_Input data_.

::::::::

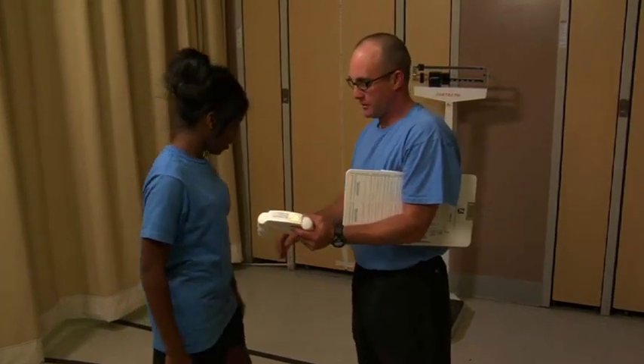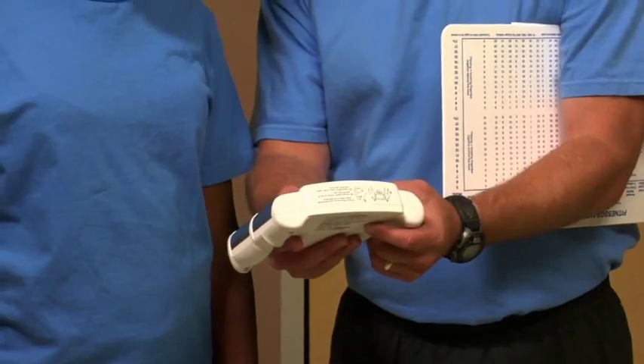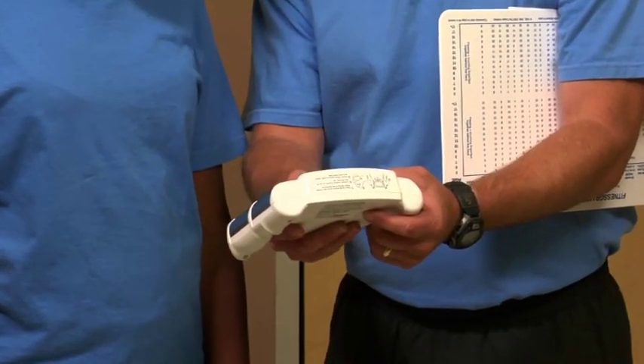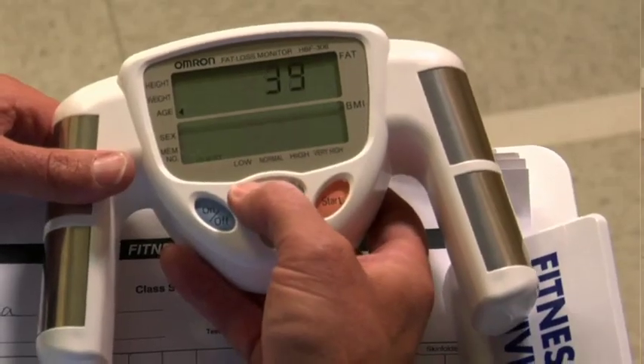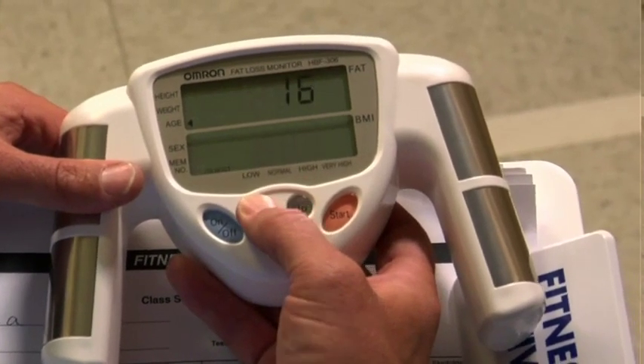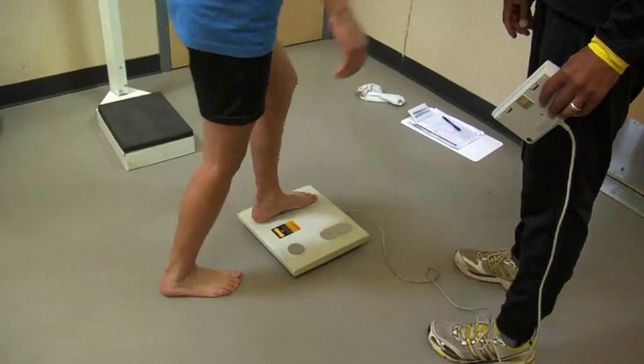Bioelectric Impedance Analyzers measure the resistance to the flow of an electrical signal in the body. The device sends a safe, low-energy electrical signal through the body and generates an index of resistance. The device is programmed to use this resistance value along with other values such as height, weight, age, and gender to estimate the percentage of body fat.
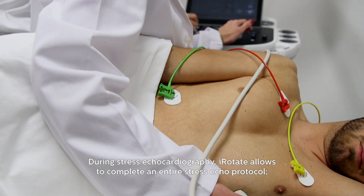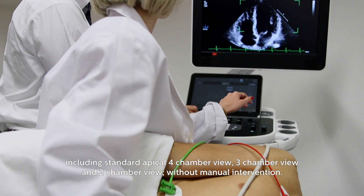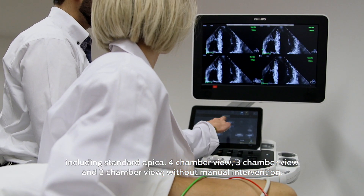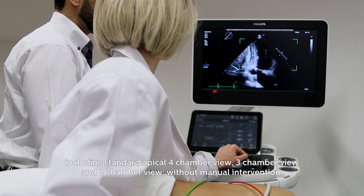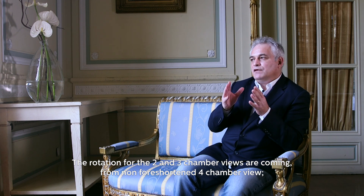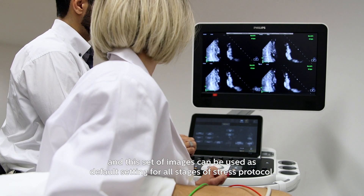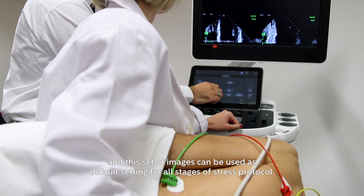During stress echocardiography, I-Rotate allows to complete an entire stress echo protocol, including standard apical four-chamber view, three-chamber view, and two-chamber view, without manual intervention. The rotation for two- and three-chamber views comes from the non-foreshortened four-chamber view, and this set of images can be used as default settings for all stages of the stress protocol.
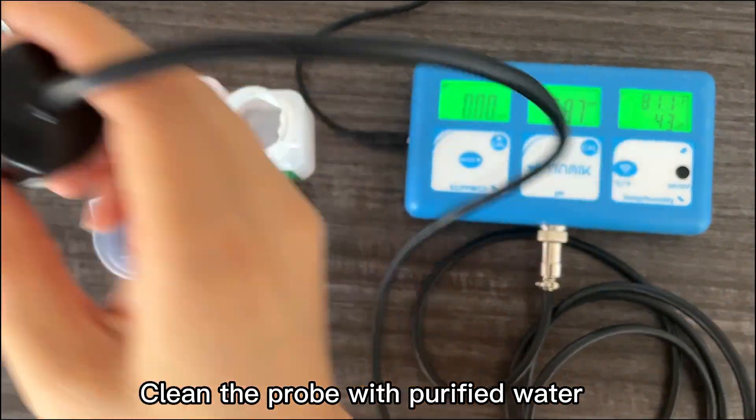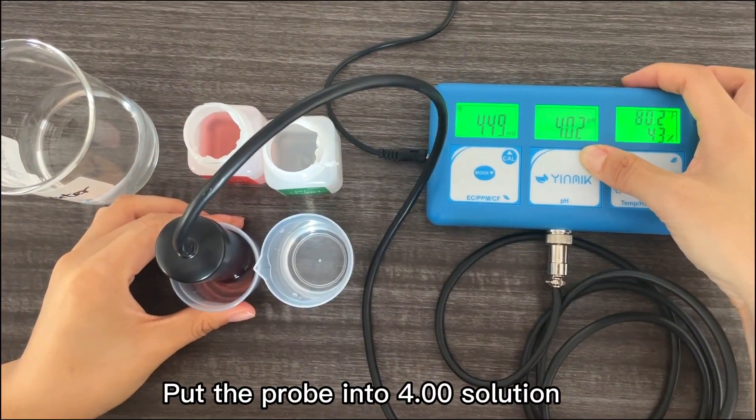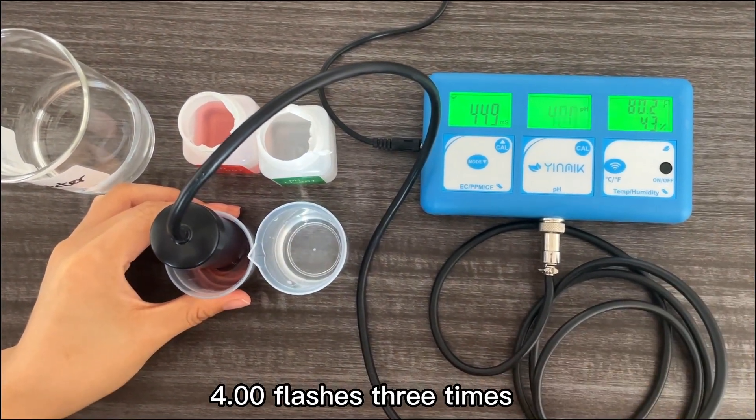Clean the probe with purified water. Put the probe into the 4.00 buffer solution. Long press CAL — CAL is flashing. 4.00 flashes three times, confirming the second calibration point.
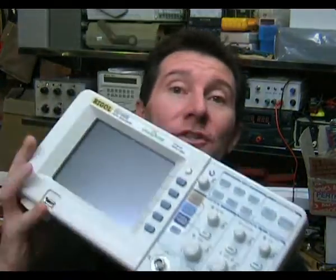Now I've designed, published and even sold digital storage oscilloscopes many years ago, so it's not like I don't like them. It's just that in comparison to a proper bench oscilloscope like this, I think they're very, very poor value for money.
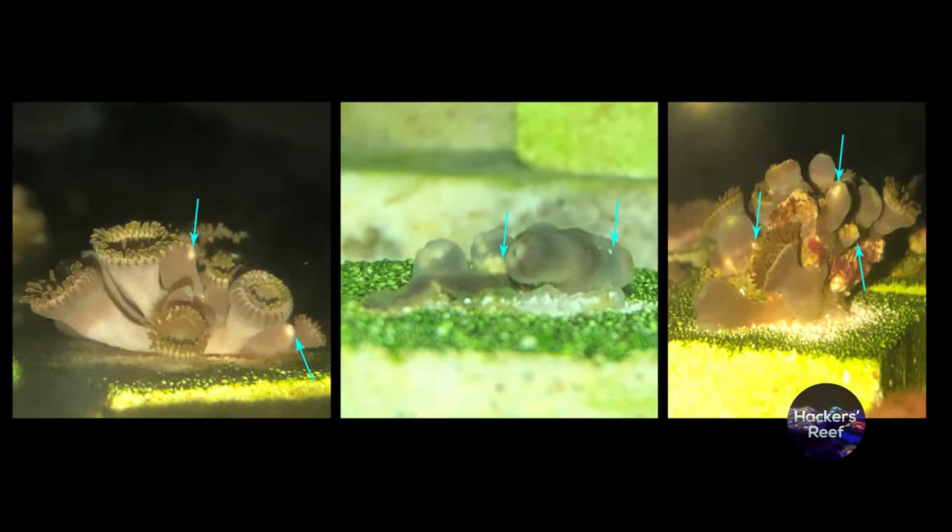Welcome to Hacker's Reef. Today we're going to be talking about Zoapox. I'm going to teach you how to correctly identify it, as well as a super effective treatment and some common mistakes to avoid. Stick around and let's cure some coral.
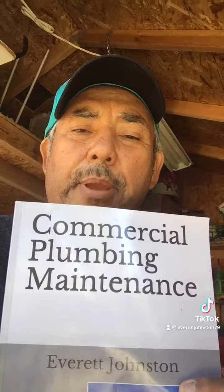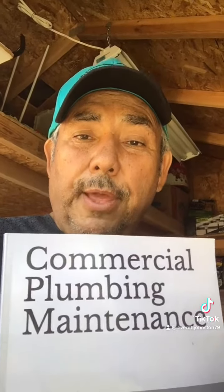Hi, this is Everett Johnston, author of 'Commercial Plumbing Maintenance' — the book that will help you control the work and not let the work control you. Available on Amazon.com for $24.99. I recommend the book, and the reason why I'm here is to help you guys. That's what it's about: helping you.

::::::::

_Task to complete_. All entries above must be duplicated exactly; please omit any picture they hold.

_Result for this task_.
Bioelectric Impedance Analyzers measure the resistance to the flow of an electrical signal in the body. The device sends a safe, low-energy electrical signal through the body and generates an index of resistance. The device is programmed to use this resistance value along with other values such as height, weight, age, and gender to estimate the percentage of body fat.
During stress echocardiography, I-Rotate allows to complete an entire stress echo protocol, including standard apical four-chamber view, three-chamber view, and two-chamber view, without manual intervention. The rotation for two- and three-chamber views comes from the non-foreshortened four-chamber view, and this set of images can be used as default settings for all stages of the stress protocol.
Clean the probe with purified water. Put the probe into the 4.00 buffer solution. Long press CAL — CAL is flashing. 4.00 flashes three times, confirming the second calibration point.
Now I've designed, published and even sold digital storage oscilloscopes many years ago, so it's not like I don't like them. It's just that in comparison to a proper bench oscilloscope like this, I think they're very, very poor value for money.
Welcome to Hacker's Reef. Today we're going to be talking about Zoapox. I'm going to teach you how to correctly identify it, as well as a super effective treatment and some common mistakes to avoid. Stick around and let's cure some coral.
Hi, this is Everett Johnston, author of 'Commercial Plumbing Maintenance' — the book that will help you control the work and not let the work control you. Available on Amazon.com for $24.99. I recommend the book, and the reason why I'm here is to help you guys. That's what it's about: helping you.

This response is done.